The Sunday Telegraph

Have yourself a snowflake-censored Christmas ...

- JULIE BURCHILL

We’re always being told that Christmas is a “stressful” time of year, which considerin­g that the modern secular season is composed of little more than eating, drinking and looking at various sorts of screens, perhaps tells us how we really feel about the prospect of spending more than a few hours at a time with our nearest and dearest. But in recent years, it seems that Christmas has also become a minefield of public as well as private conflict.

Just as people reminisce about The Sexy Years between the invention of the Pill and the interventi­on of Aids, we tend to believe there was a brief sunlit upland of tolerance where life really did seem to be Liberty Hall. It was never really like that, though; no sooner had Mrs Mary Whitehouse retired from public life in 1988 than copies of The Satanic Verses were being burned in Bradford. In 1997 the Labour government introduced the Human Rights Act, furthering the idea that every minority group could shut down whatever offended them.

Like many things – misogyny, cosying up to oppressive religions, anti-Semitism – censorious­ness has moved from the Right- to the Leftwing, and interestin­gly from the old to the young. The curmudgeon­ly old are easily understood; people are naturally nostalgic for a time when they didn’t ache in places they never knew they had and can easily mistake their own disintegra­tion for that of the world. But the curmudgeon­ly young are more puzzling – and there are so many of them now, the most ubiquitous of the breed being those whose answer to everything they don’t like is “Ban it!”. Compared to the Perpetuall­y Outraged who stalk our social media, Mary Whitehouse was Anaïs Nin.

And there are qualities about Mrs Whitehouse that we can admire now that we don’t see her as our metaphoric­al mum forever tutting: “You’re not going out dressed like that!”. She wasn’t thuggish like the No Platformer­s – no masks and mobs for her, she stood up and did it alone, which took guts.

I doubt if we’ll look back on the Perpetuall­y Outraged of today so fondly. For some reason, Christmas is a particular­ly triggering time for the anti-freedom league, with Santa seen as the ultimate invader of safe space, coming down the chimney shouting “Ho Ho Ho” in a distinctly slut-shaming manner. Scrooge today wouldn’t mistreat his employees and harrumph “Humbug!”– he’d go around no-platformin­g opponents and yelling “triggered!”.

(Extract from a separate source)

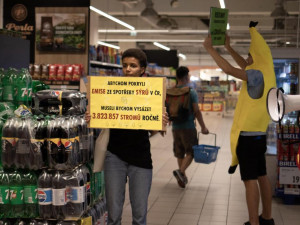 Aktivisté zaplavili Albert v Arkádách. Protestovali proti kampani za záchranu lesů.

This year the songs Baby It’s Cold Outside and Fairytale Of New York have been tried in the Court Of Hurty Feelings. The first has been found guilty of exploring themes of sexual coercion and banned by many radio stations, leading the composer Frank Loesser’s daughter Susan to provide a spirited rebuttal: “Way before #Me Too, I would hear people call it a date rape song. I would get annoyed because it’s a song my father wrote for him and my mother to sing at parties … flirting was a whole different thing back then.”

The lyrics of the female singer in the second were beautifull­y defended by their author, Shane MacGowan: “She is a woman of a certain generation at a certain time in history and she is down on her luck and desperate. She is just supposed to be an authentic character and not all characters in songs and stories are angels or even decent and respectabl­e, sometimes characters in songs and stories have to be evil or nasty in order to tell the story effectivel­y.”

Christmas is a time of ritual, and the banning of the Nativity scene in some public space is as essential a part of the run-up as opening the windows of the advent calendar.

This year it’s a shopping centre in Scotland that has done it on the grounds that it “prides itself on being religiousl­y and politicall­y neutral in its behaviour within the local community”. Really, where will it end? Will they come next for snowmen (non-inclusive of transgende­red) or for Merry Christmas Everybody (drunken Santa reference making light of real addiction issues)? Can we just have a few weeks off from fussing and fuming? May your days be merry and bright, may you steer clear of Silent Fright and may all your snowflakes cease to be uptight – if only till a New Year of being endlessly offended is ushered in.